The Writer


Imagine her, all auburn bobbed and full bangs and fair skin. Her tiny frame covered by a sartorial dress with black appliqués and genuine pearls, often mistaken of that of a child of pubescence, gliding fast yet gracefully like a sweet swift of a mermaid as she made her way out of a car to the lobby of a building she called her heavenly high house.
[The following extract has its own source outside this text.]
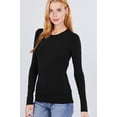 thumbnail image 3 of Simply Fashion Active Basic CrewNeck LongSleeve Slim Fit Cotton Tshirts ,black,small, 3 of 4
Flashes of cameras followed her, probably of the media, enveloping the rest of her physical being with their blinding lights. Dark sunglasses shielded her unseen droopy sleepless eyes. 

It was the divorce. 

People flocked to witness the spectacle of her almost perfect showmanship of hidden despair and hopelessness, beguiling them with her educated charms and aptly attitude. Her ‘no comment’ remarks fueled their interests more than expected. Tabloids feasted and then fed the readers articles about her divorce details, the rumored philandering of her husband, a successful business person and a son of long time family friend, her stiffness and heart of stone, her preposterous idea of not wanting to have a child, no not even a Labradoodle to be considered as one, their pre-nuptial agreement. 

All these made her mouth with coral lipstick twitched a bit, her throat dry longing for gin and tonic, and the palm of her hands cold and sweaty. And in those moments, she felt she needed the urge to run and hide.

She always had her easy escape though. Inside the elevator, its four corners were what she considered her temporal saviors. And as its doors opened, she strongly believed there was her safety in the arms and embraces of Delacroix and Degas. 

She will surely and hurriedly run a bath. Vanilla rose and dreamlike scent of mist, as if they could erase the filth of reality pertaining to the fact that somehow she really loved fully and the unnerving reasons about her idea of fulfilling her individuality conflicting to that of her romance and passion and the feeling of fear as her everything tends to start slipping away. 

She confronted her fears as she entered her Versailles designed room and as she dressed herself up with one of those satin night dresses of hers and as she allowed her body on her four poster bed and thick mattress of undiscovered lies, loath, and yes, longing. 

She was now alone on this endeavor but that was the least of her concerns. She closed her eyes and tried to sleep.